Dahulu bagiku mamakku "just" Mamak yang melahirkanku. Mamak yang "memang bertugas sebagai Mamak" untuk anak-anaknya. Pandanganku ini karena aku menganggap Mamakku tidak pernah memberikan kasih sayangnya padaku. Mamakku membedakan aku dengan adikku. Mamakku meninggalkan aku di Jogja dengan Simbok yang sudah tua. Hal ini dilakukan kedua orang tuaku mengingat Simbok yang sudah tua namun tidak ada yang menjaga sedangkan Bapak di Bekasi tak dapat hidup seorang diri sebab stroke ringan mendera tubuhnya yang mulai tua.
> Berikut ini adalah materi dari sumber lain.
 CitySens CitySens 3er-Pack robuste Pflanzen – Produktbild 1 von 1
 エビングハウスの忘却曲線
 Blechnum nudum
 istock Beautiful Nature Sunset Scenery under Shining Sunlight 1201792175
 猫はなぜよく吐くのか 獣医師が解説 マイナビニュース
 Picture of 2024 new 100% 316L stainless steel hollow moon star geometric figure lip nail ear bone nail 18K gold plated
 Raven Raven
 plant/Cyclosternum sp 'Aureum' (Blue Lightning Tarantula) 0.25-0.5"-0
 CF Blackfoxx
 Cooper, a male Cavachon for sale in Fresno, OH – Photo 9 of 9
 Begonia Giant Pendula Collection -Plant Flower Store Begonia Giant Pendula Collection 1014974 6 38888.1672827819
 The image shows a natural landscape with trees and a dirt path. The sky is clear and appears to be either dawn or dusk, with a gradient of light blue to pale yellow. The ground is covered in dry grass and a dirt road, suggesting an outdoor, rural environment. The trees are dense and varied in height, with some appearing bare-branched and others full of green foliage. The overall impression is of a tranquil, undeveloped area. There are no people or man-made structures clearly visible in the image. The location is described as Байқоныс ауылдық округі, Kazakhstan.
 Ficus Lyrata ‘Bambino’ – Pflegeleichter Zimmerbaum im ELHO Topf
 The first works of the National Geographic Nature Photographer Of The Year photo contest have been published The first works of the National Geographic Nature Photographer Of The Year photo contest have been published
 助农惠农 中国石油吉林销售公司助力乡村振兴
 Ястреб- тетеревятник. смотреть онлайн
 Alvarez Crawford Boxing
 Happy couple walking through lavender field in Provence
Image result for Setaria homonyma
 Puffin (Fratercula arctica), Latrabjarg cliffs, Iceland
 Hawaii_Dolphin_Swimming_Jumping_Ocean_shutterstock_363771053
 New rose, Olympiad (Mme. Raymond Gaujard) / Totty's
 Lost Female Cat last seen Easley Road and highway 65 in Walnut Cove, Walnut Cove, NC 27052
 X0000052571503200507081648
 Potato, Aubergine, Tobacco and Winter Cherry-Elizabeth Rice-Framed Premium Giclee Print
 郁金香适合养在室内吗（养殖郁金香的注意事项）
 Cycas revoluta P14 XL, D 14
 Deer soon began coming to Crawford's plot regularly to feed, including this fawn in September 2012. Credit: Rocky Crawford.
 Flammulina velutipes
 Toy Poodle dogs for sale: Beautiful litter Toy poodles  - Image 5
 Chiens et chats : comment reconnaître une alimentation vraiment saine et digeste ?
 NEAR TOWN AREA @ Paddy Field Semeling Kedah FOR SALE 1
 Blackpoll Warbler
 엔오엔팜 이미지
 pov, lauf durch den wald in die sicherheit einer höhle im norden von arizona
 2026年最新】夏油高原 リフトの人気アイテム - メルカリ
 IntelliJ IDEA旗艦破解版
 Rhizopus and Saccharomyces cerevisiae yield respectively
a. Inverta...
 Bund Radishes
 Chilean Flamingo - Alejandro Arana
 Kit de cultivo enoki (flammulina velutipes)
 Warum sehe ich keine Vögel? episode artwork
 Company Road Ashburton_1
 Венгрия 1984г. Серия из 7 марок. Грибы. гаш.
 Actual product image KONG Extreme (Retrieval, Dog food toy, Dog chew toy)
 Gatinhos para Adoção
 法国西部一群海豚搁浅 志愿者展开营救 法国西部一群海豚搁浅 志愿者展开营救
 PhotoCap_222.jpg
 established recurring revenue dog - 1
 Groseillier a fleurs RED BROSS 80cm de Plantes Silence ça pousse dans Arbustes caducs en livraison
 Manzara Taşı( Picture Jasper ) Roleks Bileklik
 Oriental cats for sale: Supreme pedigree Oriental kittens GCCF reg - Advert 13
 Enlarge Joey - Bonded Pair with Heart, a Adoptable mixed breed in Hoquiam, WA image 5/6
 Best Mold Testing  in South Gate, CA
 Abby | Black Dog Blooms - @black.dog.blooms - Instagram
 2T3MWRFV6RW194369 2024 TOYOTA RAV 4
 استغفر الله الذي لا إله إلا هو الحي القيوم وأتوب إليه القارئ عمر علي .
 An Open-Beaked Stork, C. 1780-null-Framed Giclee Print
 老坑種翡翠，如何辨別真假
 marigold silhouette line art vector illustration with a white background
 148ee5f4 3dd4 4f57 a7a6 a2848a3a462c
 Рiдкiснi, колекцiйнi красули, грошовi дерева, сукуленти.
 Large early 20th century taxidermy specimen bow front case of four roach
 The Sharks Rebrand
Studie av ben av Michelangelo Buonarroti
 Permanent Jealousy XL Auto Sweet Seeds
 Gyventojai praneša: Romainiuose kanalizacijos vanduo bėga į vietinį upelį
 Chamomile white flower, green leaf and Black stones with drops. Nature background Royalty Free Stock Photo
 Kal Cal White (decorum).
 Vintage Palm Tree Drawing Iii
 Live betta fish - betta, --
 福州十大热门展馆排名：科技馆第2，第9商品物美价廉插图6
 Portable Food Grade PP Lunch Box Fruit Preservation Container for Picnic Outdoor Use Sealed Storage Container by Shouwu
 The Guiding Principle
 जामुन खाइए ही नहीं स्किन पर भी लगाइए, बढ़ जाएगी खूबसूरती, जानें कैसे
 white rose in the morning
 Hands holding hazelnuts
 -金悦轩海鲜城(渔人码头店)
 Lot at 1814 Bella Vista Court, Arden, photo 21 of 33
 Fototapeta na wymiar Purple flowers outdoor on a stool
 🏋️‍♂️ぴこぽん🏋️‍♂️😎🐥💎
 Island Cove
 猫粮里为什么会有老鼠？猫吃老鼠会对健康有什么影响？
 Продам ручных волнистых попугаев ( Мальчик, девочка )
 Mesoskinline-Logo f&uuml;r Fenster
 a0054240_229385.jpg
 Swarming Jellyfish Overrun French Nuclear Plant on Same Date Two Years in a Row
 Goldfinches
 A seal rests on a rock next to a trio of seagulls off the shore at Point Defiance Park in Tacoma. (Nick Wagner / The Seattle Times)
Sampai dewasa jika aku mengingat hal itu membuatku menjadi sesak sendiri. Pernah suatu ketika aku menuntut kepada Bapak Mamak dan aku "memberontak" sejadi-jadinya. Ku utarakan semua beban yang ku tanggung itu dengan setengah berteriak. Sampai akhirnya Mamakku terisak dan Bapak yang hanya bisa menatap nanar dengan mata berkaca. Di ruang itu kami hanya terdiam. Hanya suara sesenggukan Mamak dan aku yang menggema di gubuk kecil kami. Sampai akhirnya Bapak angkat suara dan menenangkanku. Aku yang egois pun meninggalkan mereka di tengah kekagetan mereka.
Setelah ku ungkapkan isi hati yang bagai bom waktu di hati itu rasanya plong. Bapak dan Mamak tidak pernah marah. Setelah kejadian itu kami menjadi mengerti. Meskipun ku tahu Bapak dan Mamak pasti sedih. Peristiwa itu membuat kami menjadi banyak belajar. Aku tahu apa yang dikerjakan orang tuaku ketika itu. Mereka berusaha melakukan yang terbaik untukku. Di rumah petak nun jauh di sana mereka berjuang meraup rejeki yang berserak di Bumi Allah. Ku kuatkan ingatanku ketika aku kecil dulu. Dan ku tahu apa yang ku perbuat (berteriak) pada Mamak dan Bapakku telah keliru. Namun aku tidak pernah menyesal karena setelah itu semua berjalan dengan baik-baik saja. Mamak dan Bapak tau apa yang ku mau sedangkan aku tahu betapa besar cinta mereka untukku.
Singkat cerita kini aku makin cinta pada Mamak dan Bapakku. Dan kecintaanku pada Mamakku kini menjadikan Mamak sebagai wanita nomor satu di hatiku. Aku yang kini mulai banyak bercerita pada Mamak dan Mamak yang mengajari kehidupan padaku. Tidak bukan mulai mengajari hanya meneruskan pendidikan part 2-nya kepadaku. Mengajarkan perjuangannya menjadi seorang ibu kepadaku. Meski aku belum menjadi seorang ibu tentu saja. Aku menikmati romansa kepingan episode kehidupanku ketika ku menjajaki fase dewasa ini.
Belajar dari sejarah Mamak melahirkanku. Belajar mengerjakan pekerjaan ibu rumah tangga. Baru tiga hari rasanya saja sudah tidak kuat. Sedangkan Mamak sudah melakukan urusan ini sejak 23 tahun silam. Masya Allah. Maka aku hanya bisa memeluk engkau dari belakang Mak, Wanita Nomor Satuku.